What to do: Restate word for word the span of lines that opens with the line containing "New Homeowner Gift, Housewarming" and closes with the last line of the material. Include both ends and nothing more.

Supplied material:
##############################

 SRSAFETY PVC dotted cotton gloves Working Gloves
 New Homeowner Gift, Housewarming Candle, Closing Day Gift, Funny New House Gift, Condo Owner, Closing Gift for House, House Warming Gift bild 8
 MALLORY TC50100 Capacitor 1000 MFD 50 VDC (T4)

##############################

Answer to the exercise:
 New Homeowner Gift, Housewarming Candle, Closing Day Gift, Funny New House Gift, Condo Owner, Closing Gift for House, House Warming Gift bild 8
 MALLORY TC50100 Capacitor 1000 MFD 50 VDC (T4)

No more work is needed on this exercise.